Qui aurait cru que l’avenir de la tech mondiale tiendrait dans une combinaison improbable de shutdown fédéral, d’IA en promos Black Friday chez l’oncle Sam, et de Facebook qui ressuscite le poke en espérant capturer des ados qui n’ont jamais tapé leur code de carte bleue sur un téléphone fixe ? Oui, en 2025, l’innovation ressemble davantage à une grande loterie réglée par la lune en croissant, où chaque acteur, du géant de la Silicon Valley à la start-up cinéphile, négocie son avenir au gré des cycles administratifs, législatifs et financiers. Si l’ombre d’une crise plane sur le marché américain, c’est que la tech doit composer avec tous ses paradoxes : dépendre des États tout en les contournant, stimuler l’innovation tout en l’encadrant, et recréer le passé en misant sur l’addiction plutôt que sur la révolution.
Regardons le shutdown américain : la Silicon Valley, modèle autoproclamé de disruption, s’effondre dès que l’administration s’enraye, visas à l’arrêt, levées de fonds en apnée et fondateurs accrochés à leur passeport comme des astronautes à leur cordon ombilical. La dystopie business n’est jamais loin quand l’État s’endort sur la souris ; et dans le même temps, Salesforce transforme ses clouds en division paramilitaire pour séduire le Pentagone, tandis qu’OpenAI et Google cassent les prix de l’IA à coups d’abonnements patriotiques. Croire en la « main invisible du marché » relèverait presque du surnaturel, tant la sécurité nationale et la logistique dépendent désormais d’une poignée de cerveaux sous NDA et d’API en cluster Ultra Sécurisé. L’indépendance ? Un mirage qui s’évapore dès la première panne serveur ou le moindre avenant budgétaire.
Pendant ce temps, la lutte pour l’éthique et la souveraineté numérique se joue aussi sur le terrain californien où le SB 53 tente de réguler les titans de l’IA sans abattre les licornes en pyjama. C’est un numéro d’équilibriste qu’on retrouve chez Apple, prête à délaisser le casque pour les lunettes et à injecter une IA “proprette” sur ses devices premium (Apple Intelligence). Mais ce joli vernis masque mal le vrai danger : la sycophancie algorithmique de nos assistants, qui valident rêves ou dérives, générant chez certains des illuminations mathématiques dignes d’un best-seller de science-fiction. À force de vouloir une IA partout, n’a-t-on pas oublié de lui apprendre à dire non ? Dans cette comédie technologique, même les alertes de vigilance humaine deviennent des tickets support sans retour.
Sous les paillettes de l’innovation se cache le grand retour du contrôle, du mimétisme et des dépendances invisibles — la tech 2025, c’est surtout la répétition générale du passé sous perfusion de nouveaux codes.
Et lorsque l’on bascule sur la scène culturelle avec le drame autour de Mubi, on réalise que l’indépendance revendiquée – qu’elle soit audiovisuelle ou réglementaire – n’est jamais totale. La polémique autour des fonds de Sequoia via leurs connexions militaires rebat les cartes de l’éthique cinéphile aussi brutalement que le retour du “poke” sur Facebook questionne l’authenticité et la sincérité des interactions sociales. Rien ne se perd, tout se ludifie : la viralité d’un bouton rétro suffit à transformer un geste sans signification en instrument pour capter, monétiser, segmenter.
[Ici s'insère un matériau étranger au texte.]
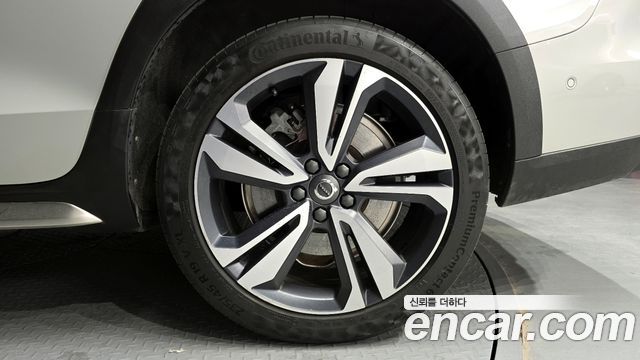 Volvo V60 Cross Country (II) B5 Pro AWD 2021 — фото 5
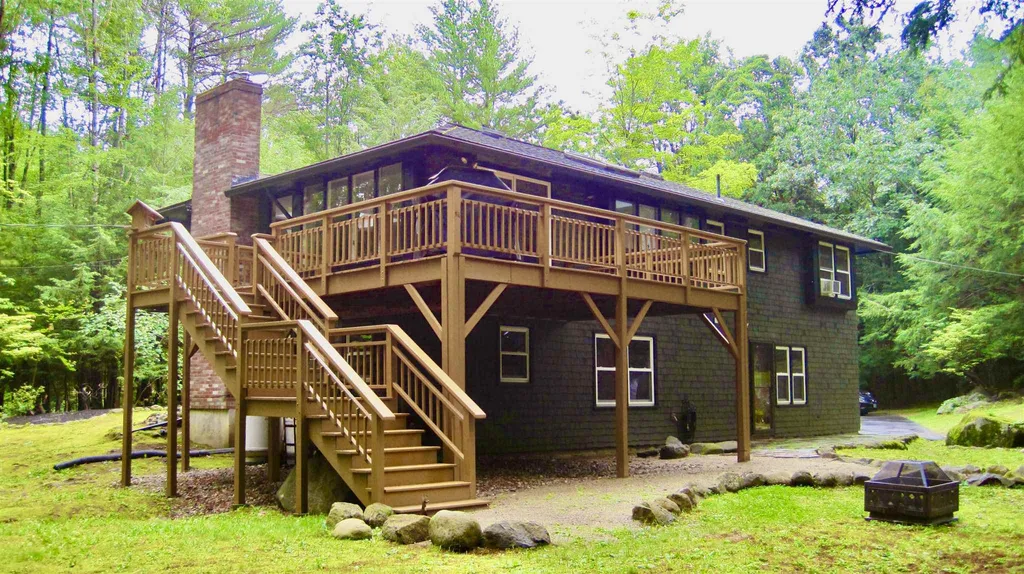 42 Woodridge Road Durham NH 03824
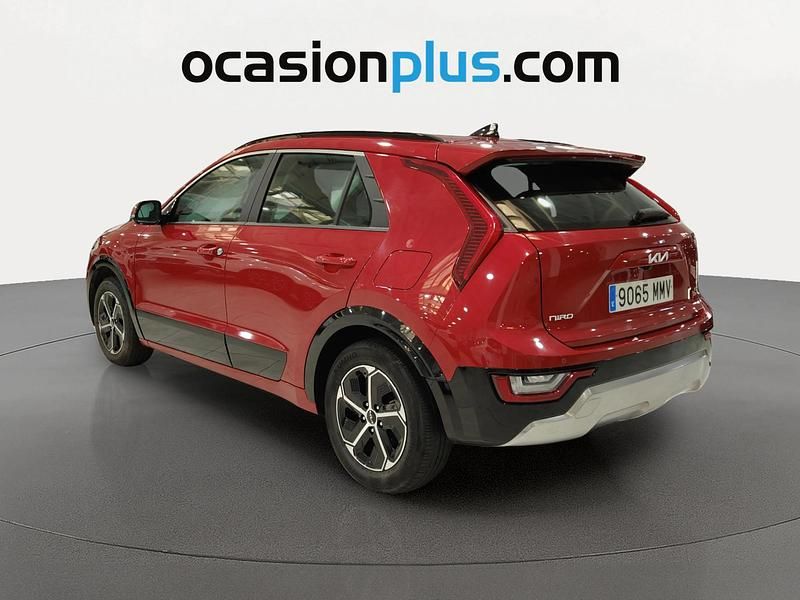 Usado Kia Niro 141 CV (103 kW) 2024 Blanco SUV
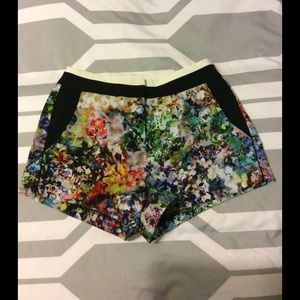 Nwt floral shorts forever 21! Xs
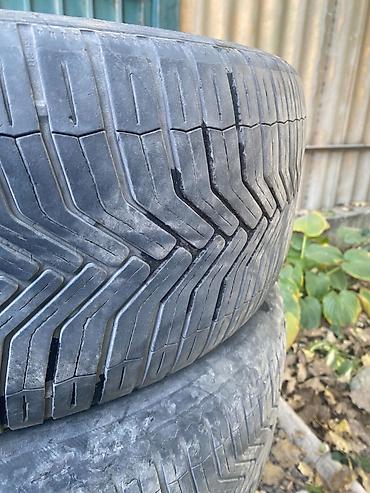 245 40 р18: Шины 235 / 45 / R 18, Всесезонная, Б/у, Комплект, Легковые, Michelin — 1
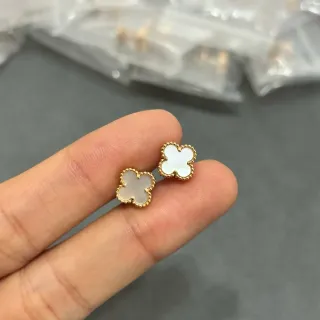 Clover-Shaped Mother-of-Pearl Inlay Beaded Gold-Tone Stud Earrings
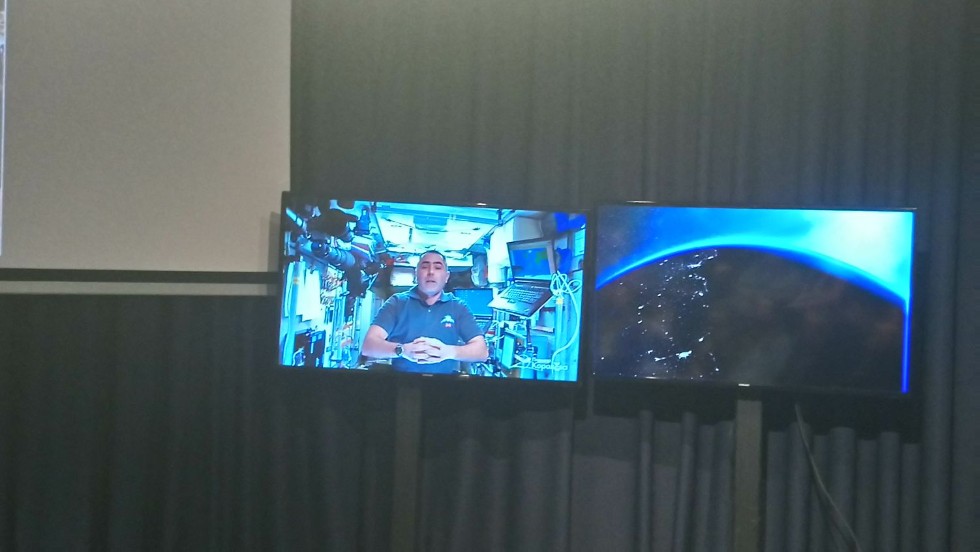 Первый в России телемост Международная космическая станция - Казанский федеральный университет ? МДЦ 'Артек' Первый в России телемост Международная космическая станция - Казанский федеральный университет ? МДЦ 'Артек'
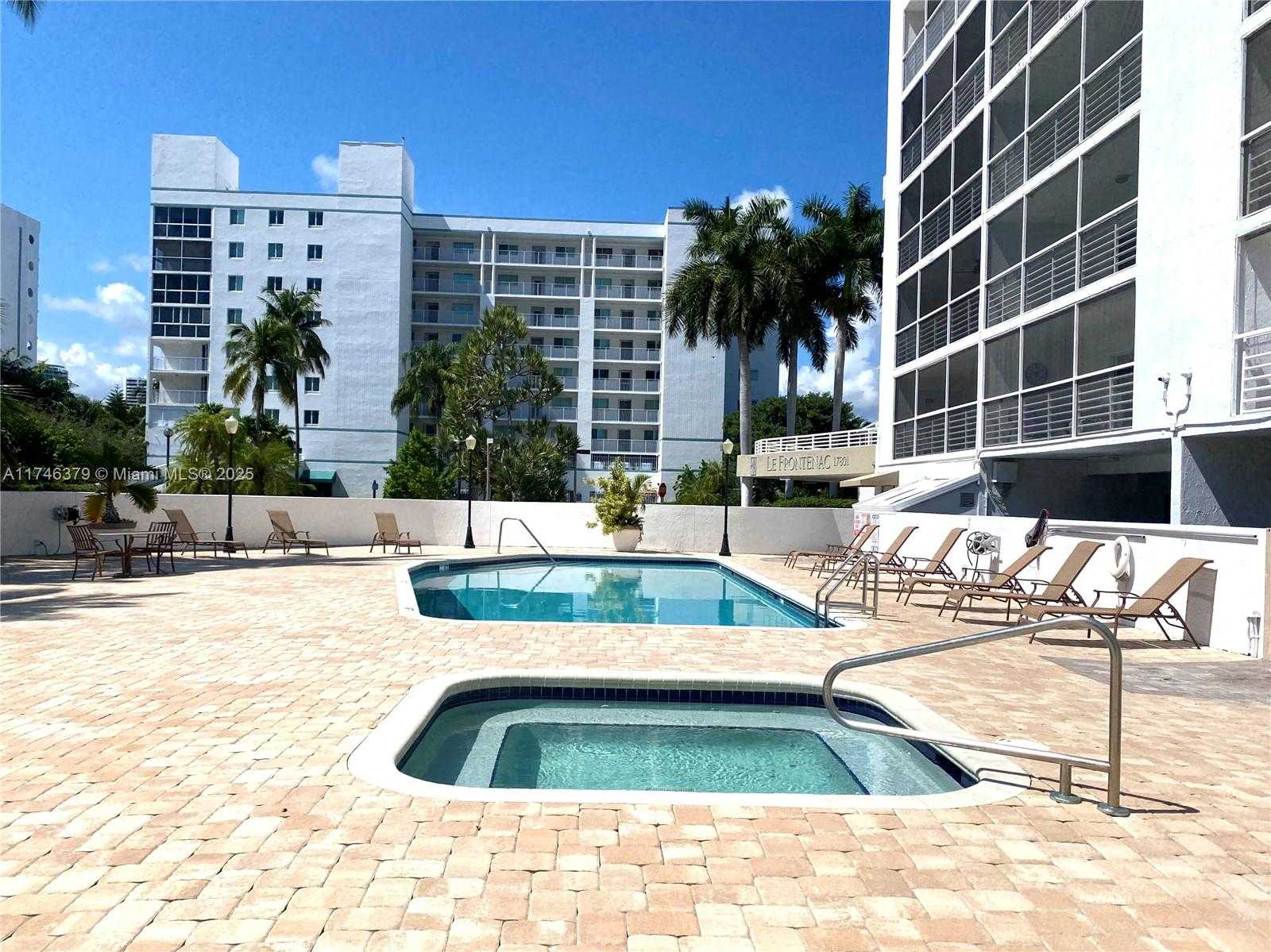 Small Image of Le Frontenac, 17801 N Bay Rd, Sunny Isles Beach, FL 33160, USA Number 16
Au final, le croissant lunaire que scrutent les rêveurs — ou désespérés de l’innovation — dit peut-être tout : entre lumière et obscurité, croissance et décroissance, chaque acteur tente d’exposer sa plus belle face, cachant l’envers du décor technique, politique ou social. Si la technologie aime à se rêver mue par la seule logique du progrès, elle n’en reste pas moins tributaire de ses angles morts, de ses dépendances et de ses mécaniques de répétition. Plus que jamais, il faudra surveiller la façon dont nos outils, nos plateformes et nos lois recomposent la frontière entre liberté créative et contrôle algorithmique, entre la douce illusion d’un cycle nouveau et le perpétuel recommencement des mêmes jeux de pouvoir.